也有不少反对声音。有人说,学会了简化字再去熟悉繁体字并不困难,简化字不会成为我们今天学习传统文化的障碍;还有人说,如今孔子学院在全球推广汉语,恢复繁体字不利于外国人学习汉语。其实,繁体字也好,简化字也罢,都是中华文化的重要组成部分。香港、澳门、台湾使用繁体字,没有妨碍其迈入现代社会;新加坡、马来西亚参照中国大陆推行简体汉字,现代化也一样如火如荼。这说明简繁之争并没有必要抬高到中华传统文化存废的高度上,简繁之争只是简繁之争。
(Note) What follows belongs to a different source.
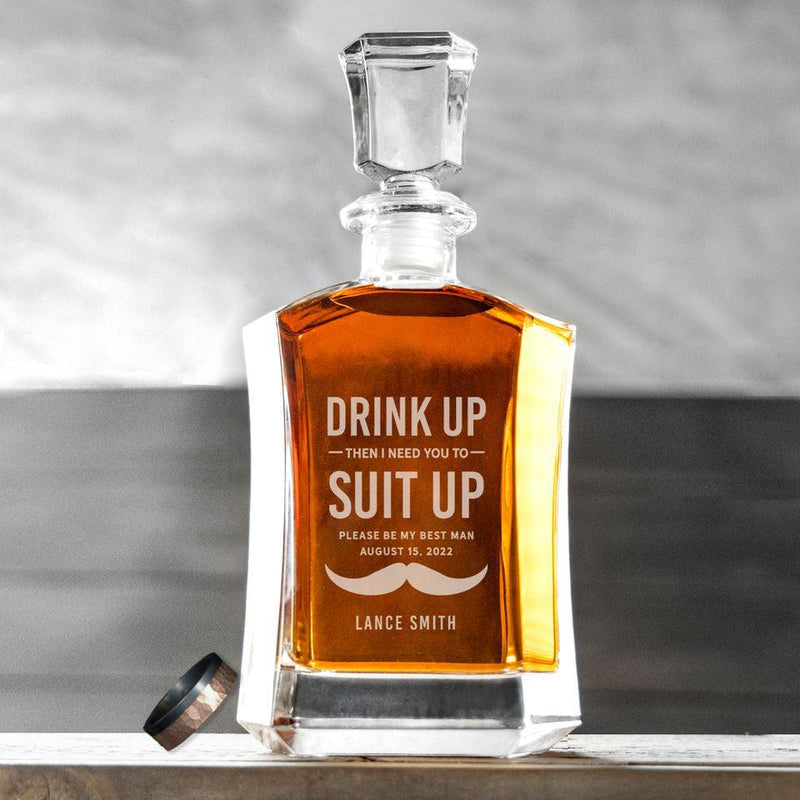 Personalized Groomsmen Proposal Whiskey Decanter -  - Completeful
汉字的发展历程有一个从繁到简的过程。从秦始皇统一文字后的篆书,再“进化”为隶书、楷书,可以说汉字的简化是历史的一种趋势。隶书是篆书的简化,草书、行书又是隶书的简化。早在南北朝时期,就有简体字了,那时叫“俗体”。何谓俗体呢?大抵就是民间群众用的字,俗嘛!汉字这事物在古代属于高雅用品,“万般皆下品,唯有读书高”,学习汉字是有门槛的,古代的文盲比例也是颇高的,这是历史,不能不承认。简化字的出现便利了普通群众学习文化,这是简化字的社会功绩。
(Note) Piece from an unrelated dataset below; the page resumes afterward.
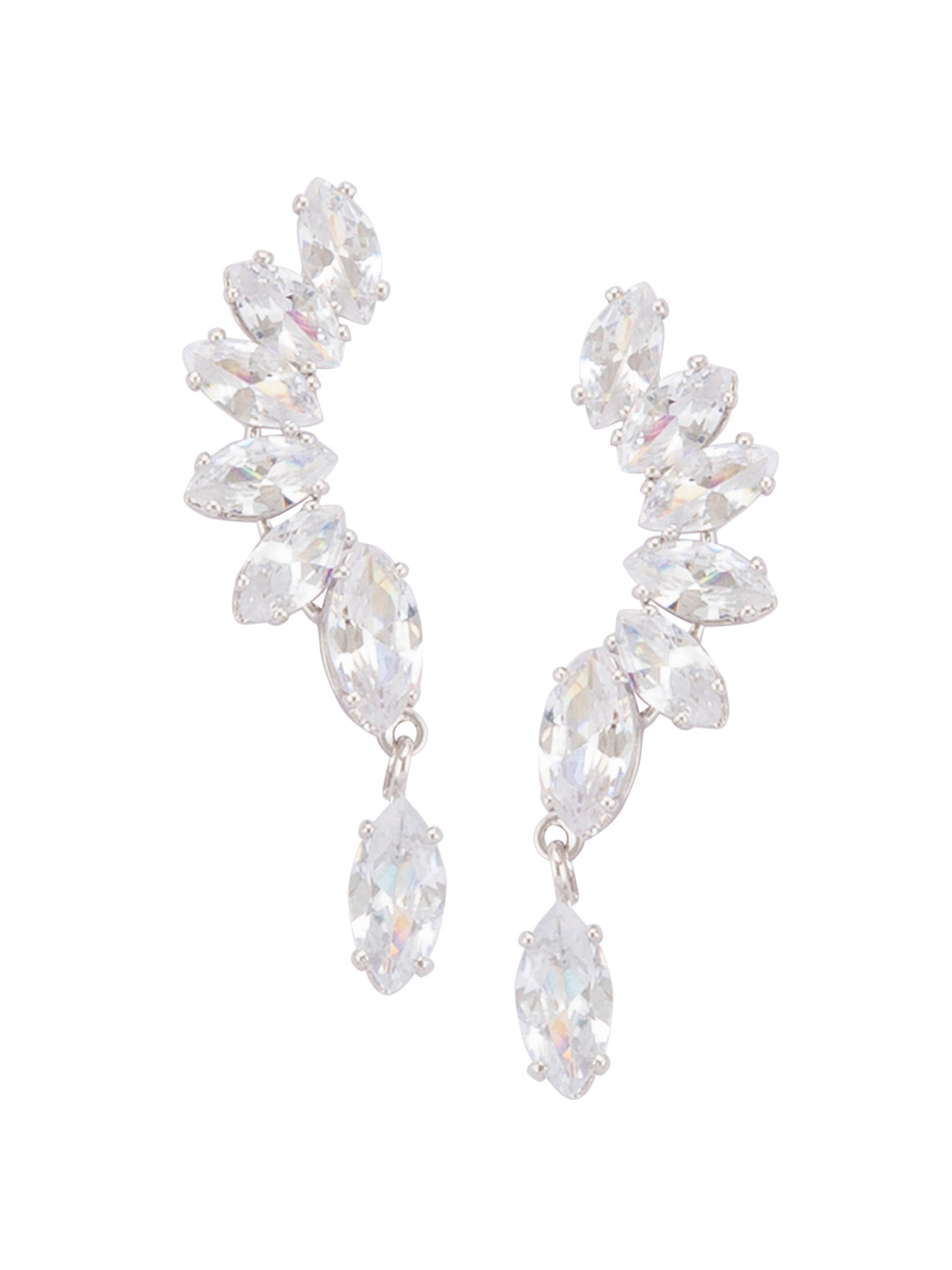 

Globus Silver-Toned Contemporary Drop Earrings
不独中国如此,韩国也如此。韩国过去也使用汉字,早在殷商时期,汉字就传入了古朝鲜,其后经唐朝的传播,汉字已经成为韩国的主要文字。却也由于汉字的复杂性和门槛,汉字基本上为韩国知识分子所用,普通老百姓则很难使用,会不会汉字一度在韩国成为是不是知识分子的界限。到了中国明朝时期,韩国则进入了李氏朝鲜时代,那时他们出现了一个酷爱文化的世宗李裪,世宗不仅熟稔汉文,而且为了让平民百姓也学习文化,他依据该国民众的发音特点,编纂了《训民正音》,发明了朝鲜谚文书写系统,开始形成朝鲜民族独特的书写文字。到了朴正熙执政时期,虽然他本人汉字功底颇佳,但倾向于废止汉字,也造成了后来汉字在韩国的没落。虽然如此,韩文相对于汉字,显然是简化又简化的文字,却也让韩国民众借此提高了文化水准。当然,现在韩国又有人主张恢复汉字教育,认为汉字也是其国家文化传统不可或缺的部分,这是后话。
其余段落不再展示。